*** Begin section ***

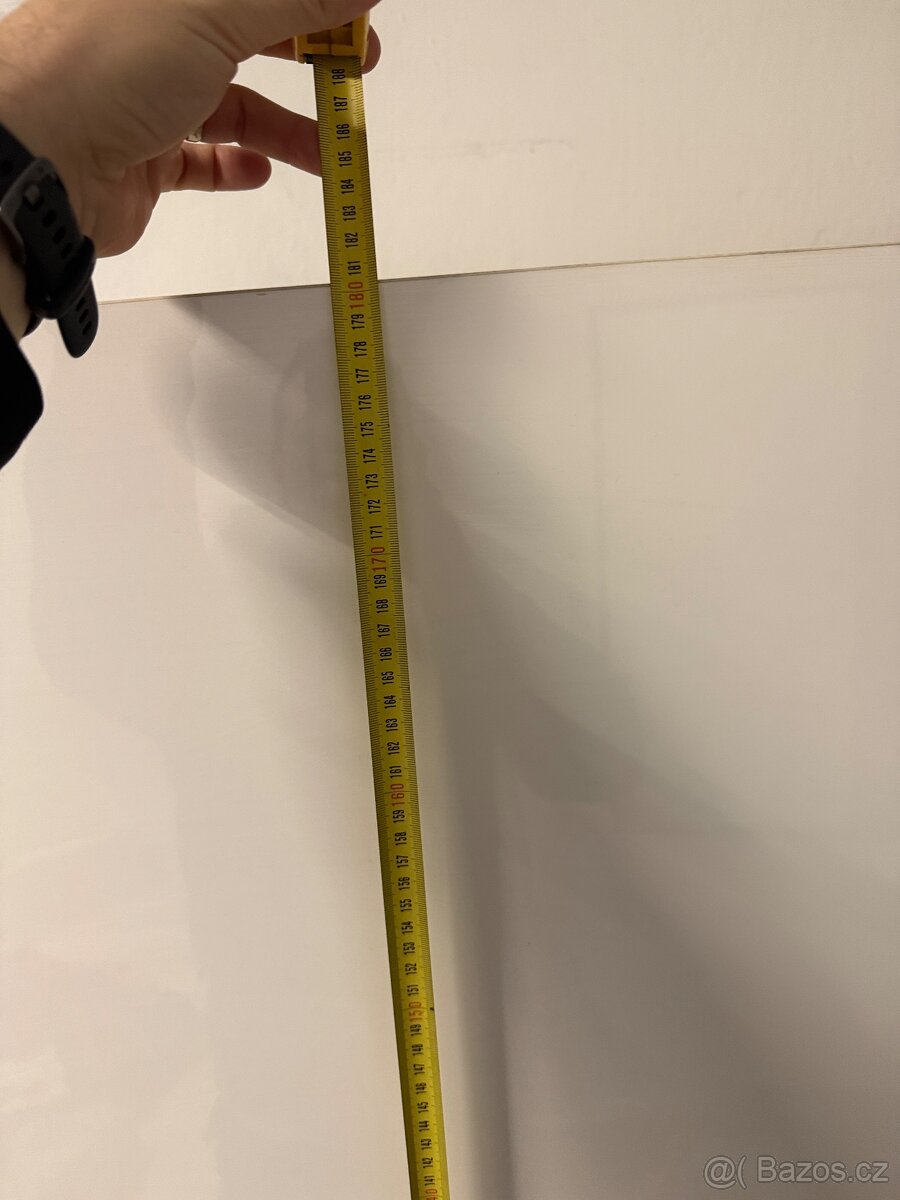 P: Šatni skrine - 5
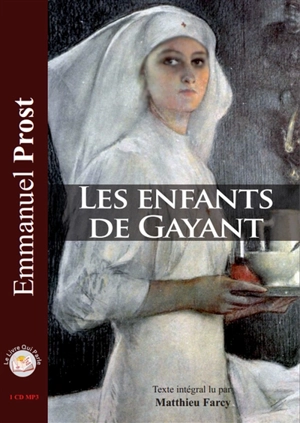 Les enfants de Gayant - Emmanuel Prost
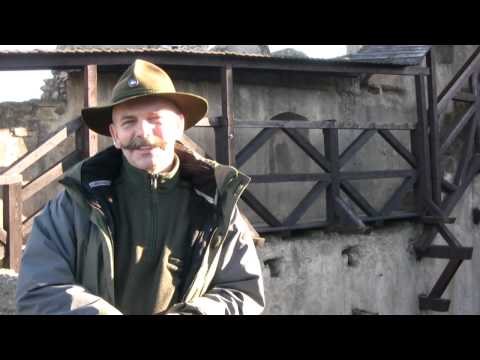 Jędrek o średniowieczu - Odc. 9 - Zdobywanie zamków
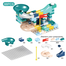 Variable Sliding Blocks Building image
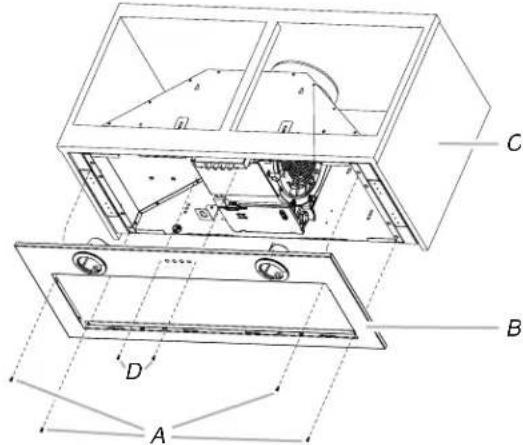 JENN-AIR UVL5430JSS - AVERTISSEMENT - 3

*** End section ***

- TASK REQUIREMENTS
Could you write out exactly the lines from the line containing "Les enfants de Gayant - Emmanuel Prost" to the end of the material, and nothing else? No pictures belong in the copy.

- EXERCISE RESULT
 Les enfants de Gayant - Emmanuel Prost
 Jędrek o średniowieczu - Odc. 9 - Zdobywanie zamków
 Variable Sliding Blocks Building image
 JENN-AIR UVL5430JSS - AVERTISSEMENT - 3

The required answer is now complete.